The toolkit being developed through FINMA's initiatives encompasses more than just detection and monitoring systems. Regulators are exploring how AI itself can be used to stress-test financial systems before crises occur, to model cascading failures across interconnected markets, and to identify systemic risks that emerge only when multiple institutions' behaviours interact. This represents a maturation of regulatory thinking: rather than reacting to scandals and failures, supervisors are attempting to build predictive capacity grounded in advanced analytics.

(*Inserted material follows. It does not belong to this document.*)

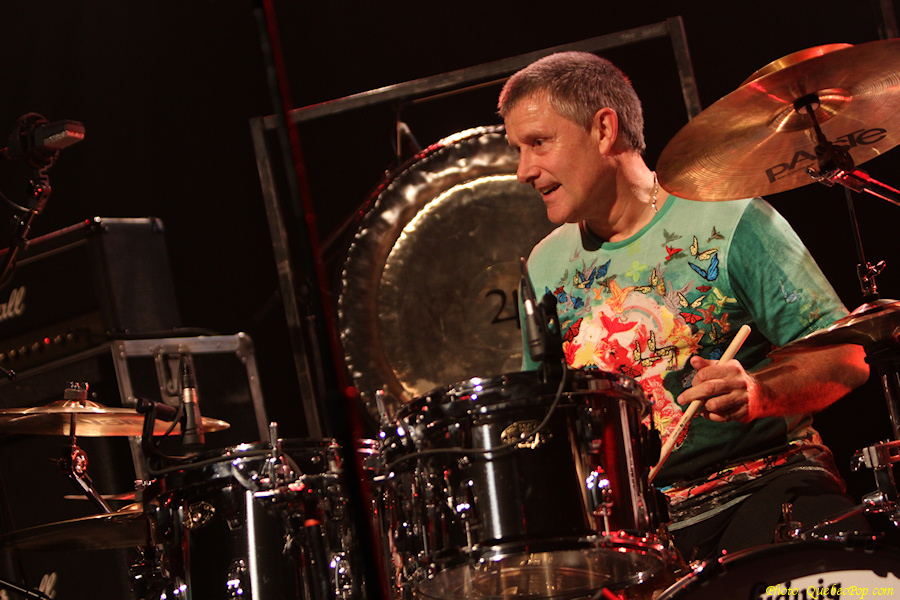 cpalmer_gesu_2010_017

Yet significant obstacles remain. Regulatory institutions typically lack the recruitment and retention capacity to attract top-tier AI talent that financial firms can afford. Moving sophisticated AI tools from hackathons into sustained operational deployment requires not just technical skill but institutional change—new governance structures, revised regulatory frameworks, and training programmes for supervisory staff accustomed to more traditional methods. The transition also raises accountability questions: if AI systems identify a risk and regulators act on that signal, who bears responsibility if the AI assessment proves wrong?

For Malaysian readers observing these developments, the implications extend beyond Switzerland. As Bank Negara Malaysia and other regional regulators increasingly supervise financial institutions operating across multiple jurisdictions, they must contend with the same technological shifts reshaping oversight in developed markets. The vulnerabilities being identified in global financial infrastructure are not geographically bounded, and cyberattacks targeting institutions in Southeast Asia routinely originate from actors exploiting techniques and tools developed globally. The race among major regulators to deploy AI for supervisory purposes will inevitably influence what standards and practices become expected throughout international finance.

The momentum toward regulatory adoption of AI reflects pragmatic acceptance that financial supervision cannot remain static. As financial institutions harness AI to manage risk and optimise operations, regulators must develop equivalent capacity simply to understand what they are overseeing. This creates a peculiar dynamic where technological competition drives innovation in oversight itself, potentially improving market stability even as it creates new dependencies on complex systems that themselves require constant monitoring. The challenge ahead is ensuring that this technological arms race strengthens rather than destabilises the financial systems regulators are tasked with protecting.